WHAT IS EXPECTED >>
Each line from the one containing "Marica Anghelescu - Buletinul" through the last line of the records is to be repeated exactly, with all pictures left out.

MATERIALS PROVIDED >>
□ □ □ □ □
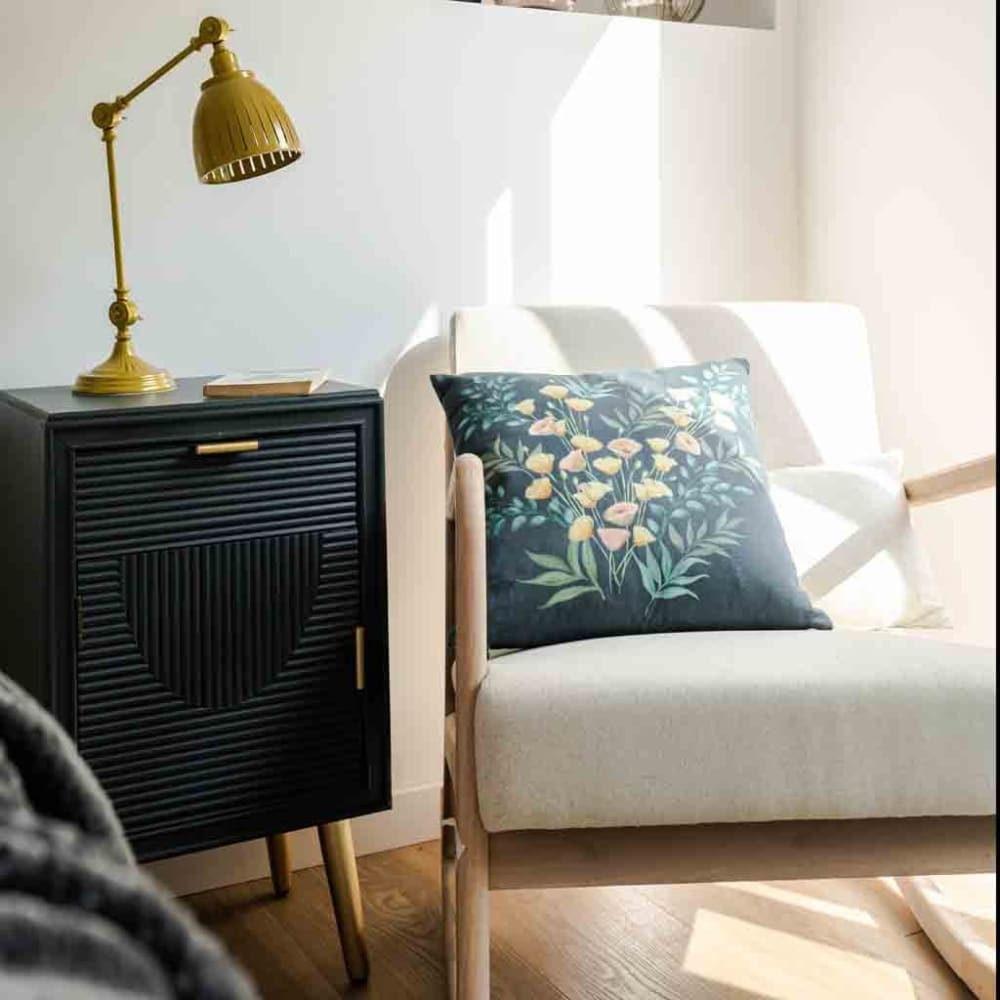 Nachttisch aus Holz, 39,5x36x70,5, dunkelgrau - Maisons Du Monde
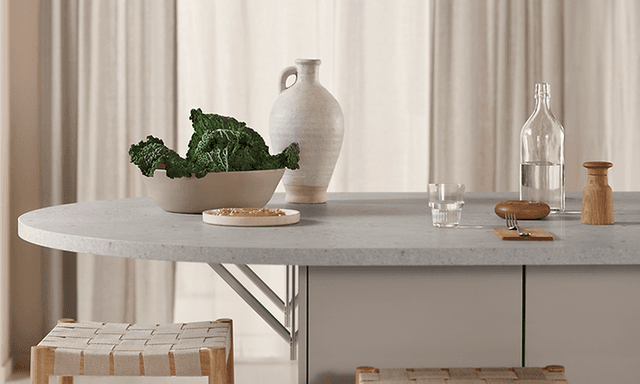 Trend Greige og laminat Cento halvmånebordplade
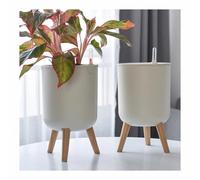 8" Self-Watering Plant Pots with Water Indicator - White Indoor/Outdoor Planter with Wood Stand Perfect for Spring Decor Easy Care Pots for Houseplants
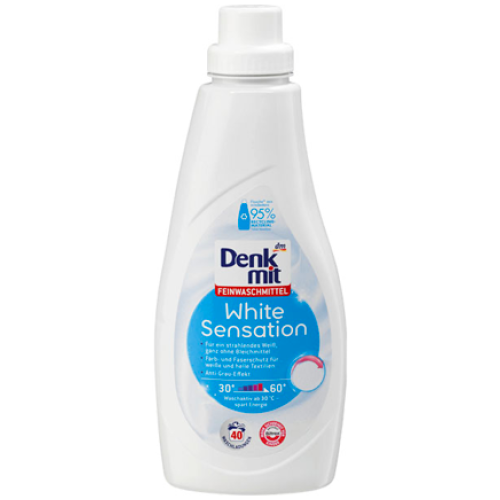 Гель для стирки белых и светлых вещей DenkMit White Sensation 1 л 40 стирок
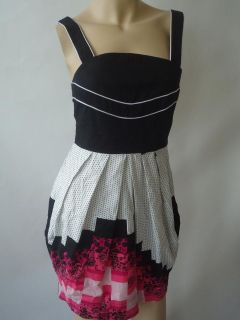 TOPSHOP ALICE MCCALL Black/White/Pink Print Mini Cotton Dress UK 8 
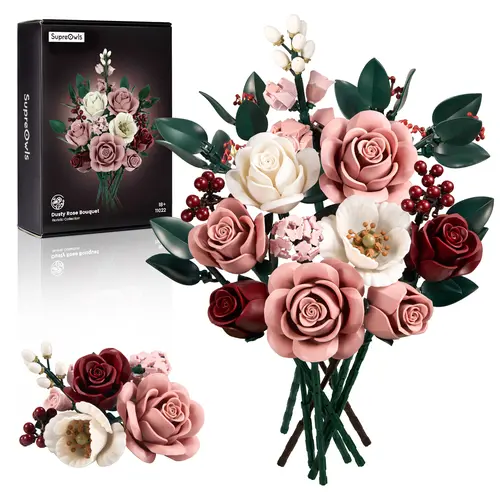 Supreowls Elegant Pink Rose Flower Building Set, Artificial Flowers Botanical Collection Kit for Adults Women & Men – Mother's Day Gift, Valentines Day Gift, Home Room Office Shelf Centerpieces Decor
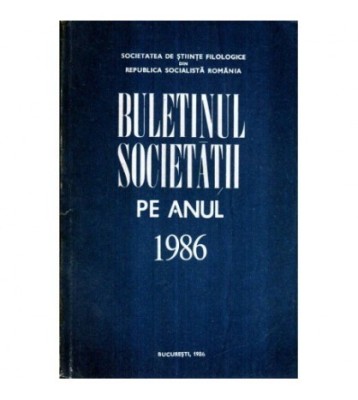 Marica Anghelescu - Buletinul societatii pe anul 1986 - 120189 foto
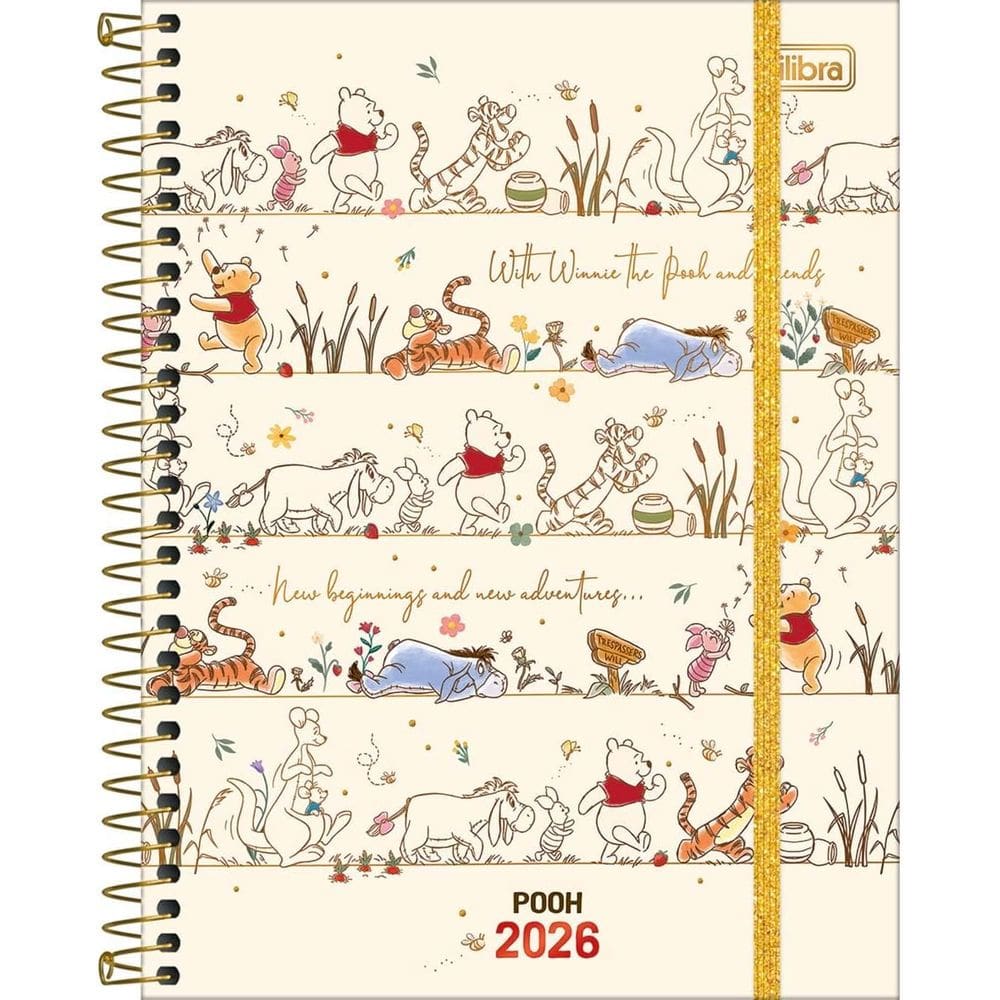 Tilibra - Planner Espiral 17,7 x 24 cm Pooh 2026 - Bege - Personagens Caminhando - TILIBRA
□ □ □ □ □
RESULT OF THIS EXERCISE >>
 Marica Anghelescu - Buletinul societatii pe anul 1986 - 120189 foto
 Tilibra - Planner Espiral 17,7 x 24 cm Pooh 2026 - Bege - Personagens Caminhando - TILIBRA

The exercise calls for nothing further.